Task Formulation


For LiPSOW, we use two datasets: Semantic-KITTI [1] and KITTI-360 [2]. The two datasets are recorded in Karlsruhe, Germany using the same sensor setup. However, they consist of different parts of the city (with no overlap), different weather conditions, and are collected several years apart. More importantly, they consist of different class vocabularies, with KITTI-360 having significantly more semantic categories and instances. These differences make these datasets suitable as per our definition of LiPSOW.

Under our setting, we use Semantic-KITTI as the training and validation set, and KITTI-360 as the test set. Since KITTI-360 consists of several classes and instances which may be unseen during training, this setting indeed helps evaluate open-world performance.
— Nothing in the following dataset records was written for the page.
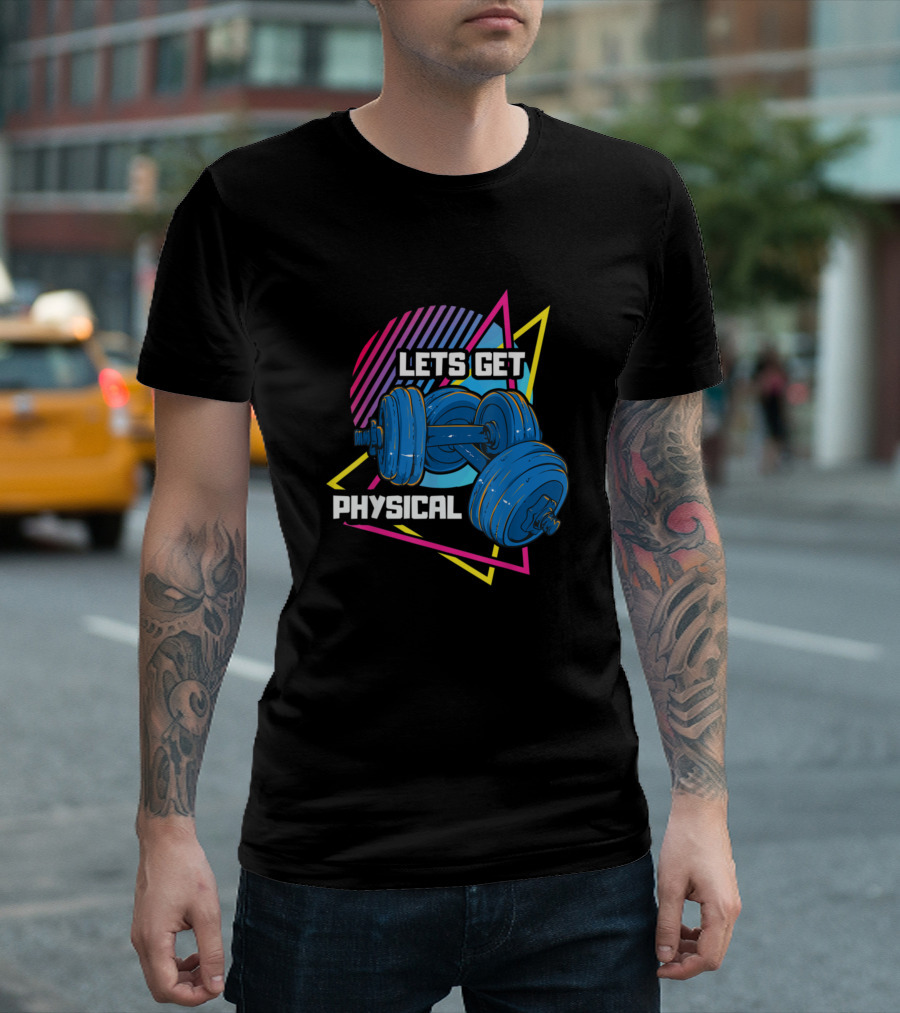 LETS GET PHYSICAL Dumbbells Retro Neon T-Shirt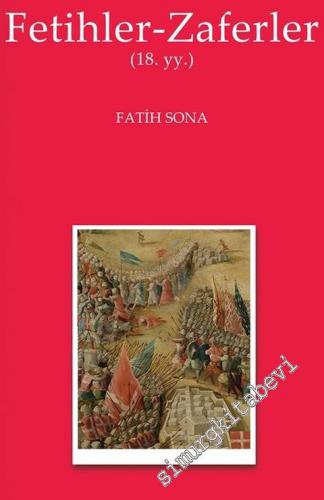 Osmanlı Şairlerinin Divanlarında Fetihler - Zaferler - 18. Yüzyıl -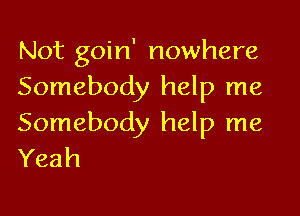 Not goin' nowhere
Somebody help me

Somebody help me
Yeah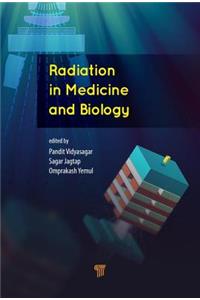 Radiation in Medicine and Biology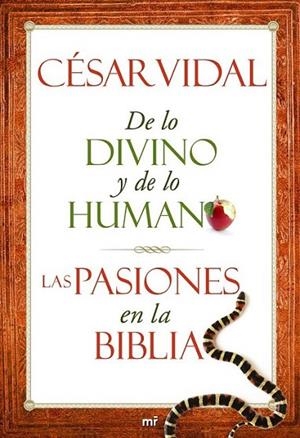 DE LO DIVINO Y DE LO HUMANO. LAS PASIONES EN LA BIBLIA | 9788427025028 | VIDAL MANZANARES, CESAR | Librería Castillón - Comprar libros online Aragón, Barbastro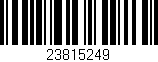 Código de barras (EAN, GTIN, SKU, ISBN): '23815249'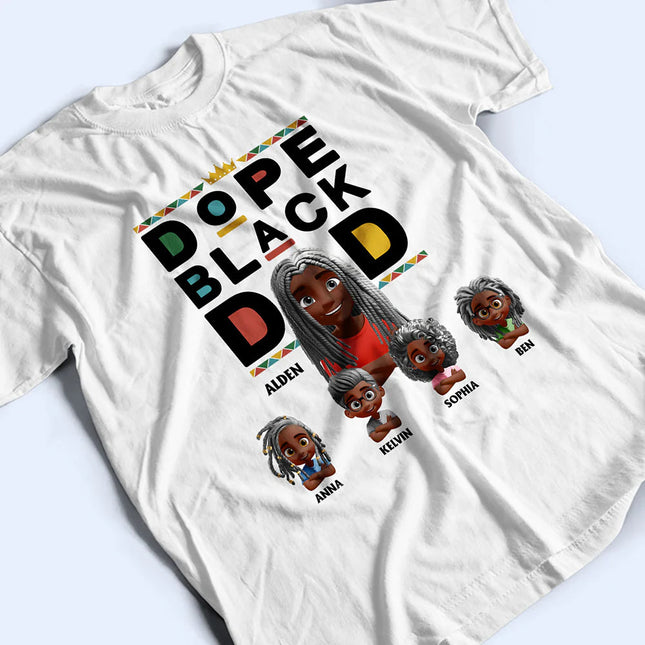Dope Black Dad 3D Effect - Personalized T Shirt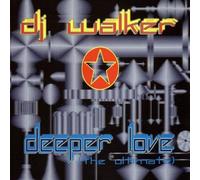 DJ Walker - Deeper Love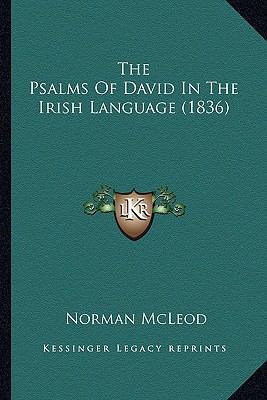 The Psalms Of David In The Irish Language (1836) 1166321142 Book Cover
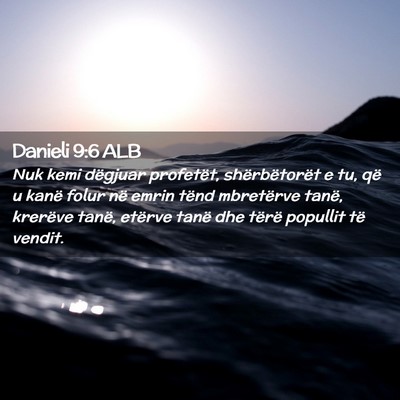 Picture 02 - Danieli 9:6 ALB - Nuk kemi dëgjuar profetët, shërbëtorët e tu, - Bible Verse Picture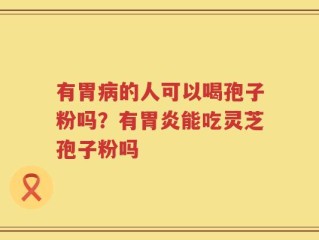 有胃病的人可以喝孢子粉吗？有胃炎能吃灵芝孢子粉吗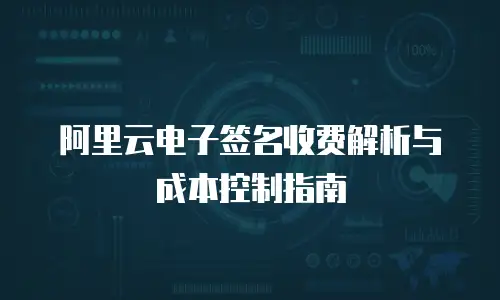 阿里云电子签名收费解析与成本控制指南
During training, a subset of classes are held-out as other. Concretely, their semantic labels are altered to other and instance labels are ignored. During validation, the ground-truth instance labels are used to evaluate performance. During testing, instance labels from novel categories (unseen during training)) are used to evaluate performance.


We use two strategies to hold-out classes during training. Under the first (Vocabulary 1), the rarest classes from each super-category are held-out as other. On the other hand, the second strategy (Vocabulary 2) closely resembles the original Semantic-KITTI vocabulary, with the rarest class from each super-category held out as other.

The class definition for Vocabulary 1.


  1. Behley, Jens, et al. “Semantickitti: A dataset for semantic scene understanding of lidar sequences.” Proceedings of the IEEE/CVF International Conference on Computer Vision. 2019.
  2. Liao, Yiyi, Jun Xie, and Andreas Geiger. “KITTI-360: A novel dataset and benchmarks for urban scene understanding in 2d and 3d.” arXiv preprint arXiv:2109.13410 (2021).